Kicking back with a glass of wine is how many people like to unwind, but what if you knew now the toll alcohol could take on your appearance later? NBC's Janet Shamlian reports on a new "drinking mirror" app that shows how alcohol can affect your face.
If you regularly enjoy cocktail hour and could peek into the future, would you like what you saw in the mirror?
“Drinking Mirror,” a new online program and mobile app from the Scottish government, lets drinkers upload their photo, plug in their weekly alcohol consumption and receive a computer-generated image of the potential toll regular drinking could take on their appearance. It doesn’t require or use any personal data.
The results, which may include weight gain, deeper wrinkles and red cheeks, do not always make for a pretty picture.
“That’s horrible,” one woman said, holding a tablet computer with her “Drinking Mirror” reflection near her face.
The hope is that the appeal to vanity will encourage women to more closely watch their drinking.
It comes amid new statistics from the Centers for Disease Control and Prevention that show almost 14 million American women, or one out of eight, are binge drinking three times a month, consuming an average of six drinks per binge.
Binge drinking, defined for women as consuming at least four drinks per sitting, can increase the risk of breast cancer, heart disease, sexually transmitted diseases, unintended pregnancy and other problems, the CDC says.

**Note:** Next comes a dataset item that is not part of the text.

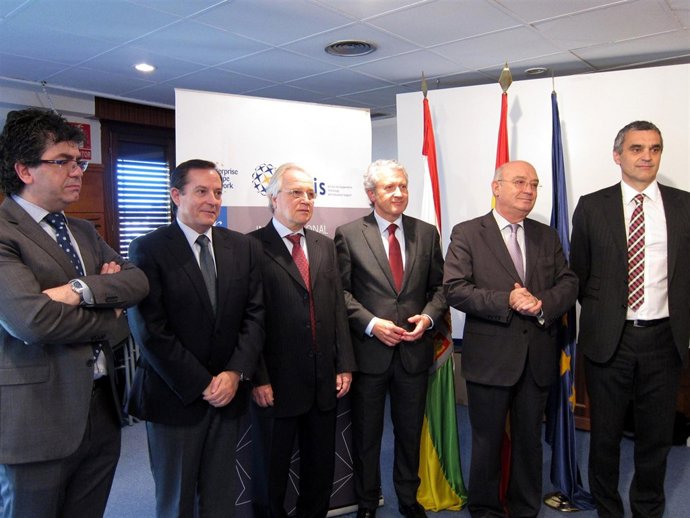 El Embajador De Perú, Entre Los Consejeros Del Río  Y Erro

“Binge drinking leads to problems with your body and your brain and really self-harming behaviors that can lead to addictive behaviors,” intervention specialist Brad Lamm told TODAY.
U.S. dietary guidelines recommend that women have no more than one drink per day, two for men, according to the CDC binge drinking page.
Lamm says the online program, which does not consider the medical consequences of drinking, could be a valuable tool.
But a group of women out for drinks in Fort Lauderdale, Fla., weren’t sold.
“I just don’t take it seriously,” one told TODAY. “How can it take into effect your genes, other things that you do in life, how much you work out, how much you don’t work out?”